Três das principais redes de supermercados do país – Grupo Pão de Açúcar (GPA), Carrefour e Walmart – pediram esclarecimentos aos seus fornecedores de carne citados na ação da Polícia Federal (PF) sobre fraudes no produto. Por meio de comunicados, também afirmam que contam com programas de monitoramento da qualidade dos alimentos.

Um dos objetivos das redes foi reforçar que todos os produtos vendidos em suas lojas têm certificações emitidas pelos órgãos competentes – federal, estadual ou municipal –, além de adotarem processos internos de auditoria.

No Estado, a Associação Gaúcha de Supermercados (Agas) não adotou medidas em relação aos fornecedores de carne, pois não foi notificada judicialmente por nenhum órgão de segurança ou fiscalização.
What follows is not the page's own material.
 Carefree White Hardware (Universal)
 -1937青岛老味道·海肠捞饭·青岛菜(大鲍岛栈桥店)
A recomendação é para que as redes contatem diretamente seus fornecedores para solicitar informações.

O presidente da Agas, Antônio Cesa Longo, disse que o setor ainda não sentiu o impacto da operação, pois nenhuma planta local está entre as investigadas pela PF. Mas, nos próximos dias o preço da carne deve baixar:

– Até o momento, o consumidor gaúcho segue comprando normalmente os produtos. Ele continua confiante em relação a essas marcas. O que pode acontecer, nos próximos dias, é queda no preço dos produtos, pois diversos mercados externos estão fechando as portas para o Brasil.
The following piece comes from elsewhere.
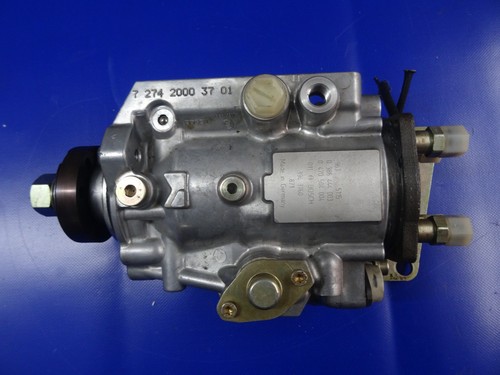 Bosch einspritzpumpe - bosch,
IDEC PEDE RECALL DE MERCADORIAS

Na segunda-feira, o Instituto de Defesa do Consumidor (Idec) encaminhou ao ministro da Agricultura, Blairo Maggi, e ao presidente da Agência Nacional de Vigilância Sanitária, Jarbas Barbosa, pedido de retirada imediata dos produtos impróprios ao consumo investigados pela PF, conforme previsto no artigo 10 do Código de Defesa do Consumidor.

A entidade exige que o governo forneça a descrição dos itens fraudados, como marca, número do lote, local da apreensão do produto e outros dados que facilitem a identificação. Ainda não houve resposta ao pedido.